“[O]ne is tempted—though it might be dangerous—to maintain that the best books in the world were written chiefly for pleasure and with an after-hope to please.”
Things get
sticky when you start plumbing a writer’s intentions. Let’s just say that a dwindling
species of serious reader reads for the most readily understood of reasons – pleasure.
There are other respectable motives --
the acquisition of knowledge, for instance, which overlaps with pleasure.
“I am not writing for scholars or fellow critics,” Guy Davenport declares, “but
for people who like to read, to look at pictures, and to know things.” For
some of us, pleasure – as you have come to define it – is mandatory.
A visiting friend
noticed a volume of Walter de la Mare’s poems on our coffee table and asked
about it. I suggested he read de la Mare’s 1921 novel Memoirs of a Midget and he tells me it has “moved to the top of
[his] reading list.” In turn, he sent me a pdf of de la Mare’s essay “A Book of Words” (Pleasures and Speculations,
1940). Nominally, it’s a review of a wonderful-sounding book published by the
Englishman Robert Nares (1753-1829) in 1822: A Glossary of Words, Phrases, Names, and Allusions in the Works of
English Authors, Particularly of Shakespeare and His Contemporaries. De la
Mare writes of such dictionaries – grab bags of knowledge and wonder, really:
“[W]hat in
the making—given the material, means and craftsmanship—pleases the maker of a
thing has pleasure in its gift.
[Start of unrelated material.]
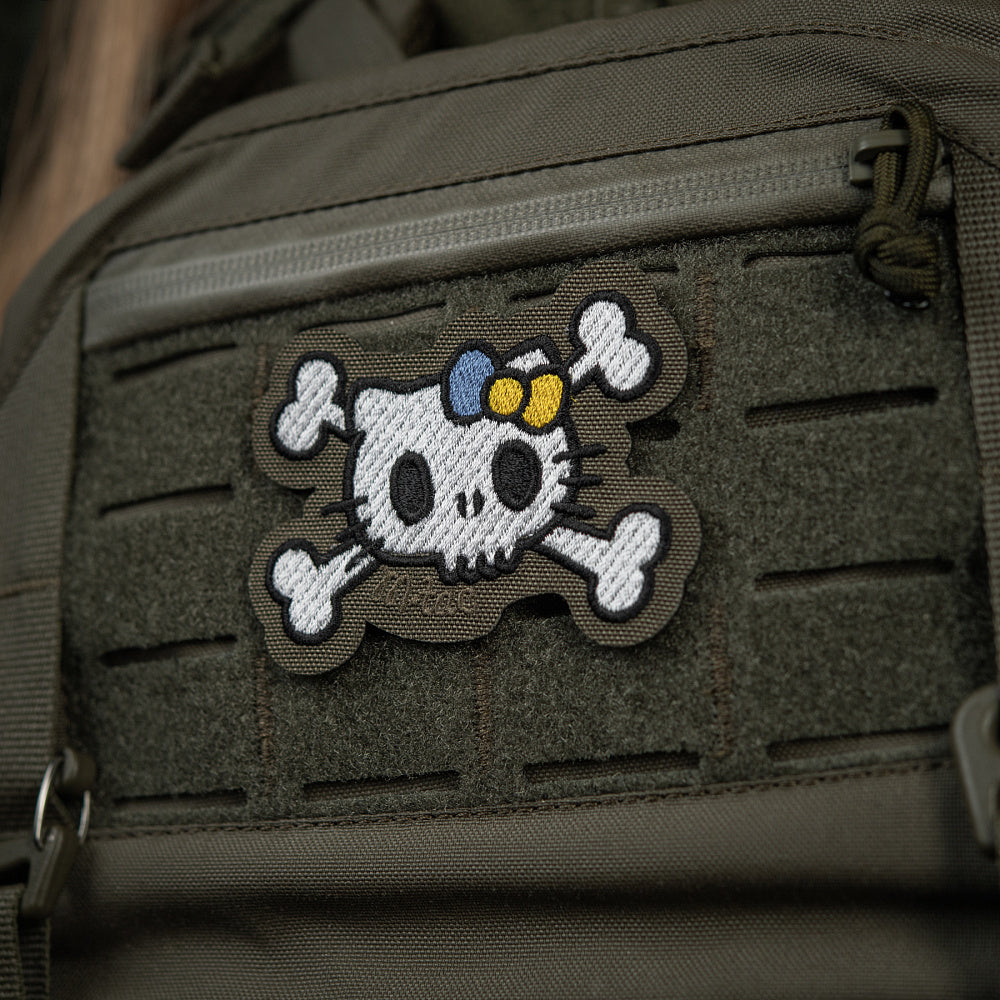 M-Tac Patch Kitty (brodyr)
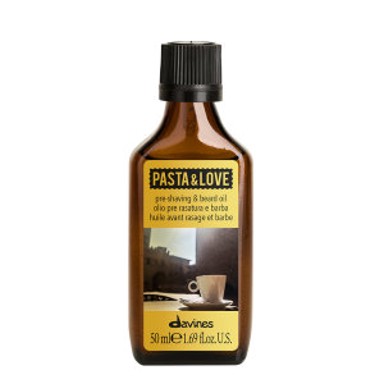 DAVINES Ulje za bradu- Pasta & Love Pre-shaving & beard oil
It will charm as well as interest; may in
proving useful prove delightful. . . . The term dictionary remains austere,
and, no more than either lexicon, concordance, or thesaurus, suggests a
paradise of dainty delights.”
I dissent, a little, but de la Mare tells us Nares – an amateur scholar in the etymological sense -- considered
his Glossary an “amusement,” and our reviewer quotes similar judgments by John Bunyan and Montaigne. “A Book of Words” runs
to twenty-eight pages. Nares is “always easy, never specialistic or
dry.” His Glossary is an eccentric
anthology of linguistic treasures, relying heavily on the sixteenth and
seventeenth centuries, and de la Mare is our guide. The temptation to quote is
strong and I am weak:
“The
unconscious, surely, whatever and wherever it be, requires constant
nourishment. A weekly platter of hors d’oeuvres should not come amiss. And
Nares is crammed from cover to cover with these seductions. Yet it is no mere
collection of gauds, toys, trinkets, gewgaws, pieces of festive finery. Its
aggregate is the mirror of a time, of a state of the imagination, of a complete
continent of human interest. It is English in bouquet to the minutest bubble of
its foam. It is the work of a man’s mind, masculine, substantial, sound,
various.”
You’ve
probably noticed that de la Mare, like Montaigne and Burton, loves assembling
catalogs of nouns, verbs and adjectives as though he were celebrating the
bounty of the world: “Most doers, makers, inventors, game-players, tool-users,
technicians, men of knowledge and of science are frequently in need of
innovations—some they find are apt, racy, vivid, and serve; others are awkward,
dead-alive, clumsy, pedantic; and many are ephemeral.” And the next paragraph: “Slang,
colloquialisms, solecisms, vulgarisms are determined gate-crashers.”
De la Mare
was himself a collector of verbal treats, a gifted anthologist. In 1923 he
published Come Hither: A Collection of
Rhymes and Poems for the Young of All Ages. When a revised edition was
published in 1951, Elizabeth Bishop reviewed it in Poetry. Her review was a declaration of quietly unfashionable
defiance: “Although much of the poetry I happen to admire is not to be found in
it, I shall think this is the best anthology I know of.” It’s a book for
children, but the sort of children they hardly make anymore. Best of all are de
la Mare’s notes, almost 300 pages of them, included at the back of the book in
a section called “About and Round About.” As the conclusion of “A Book of
Words,” de la Mare writes of Nares’ Glossary:
“As a whole it is a gallimaufry, though one neither confused nor heterogenous. It may be reserved, and no doubt the undeserving will continue to reserve it, for the noonday’s need, not for the midnight’s luxury. Still, first and foremost, its amused author hoped and intended to ‘entertain’ his reader. He succeeds in so doing, with words; and what better claim on our attention can novelist, historian, or poet prefer?”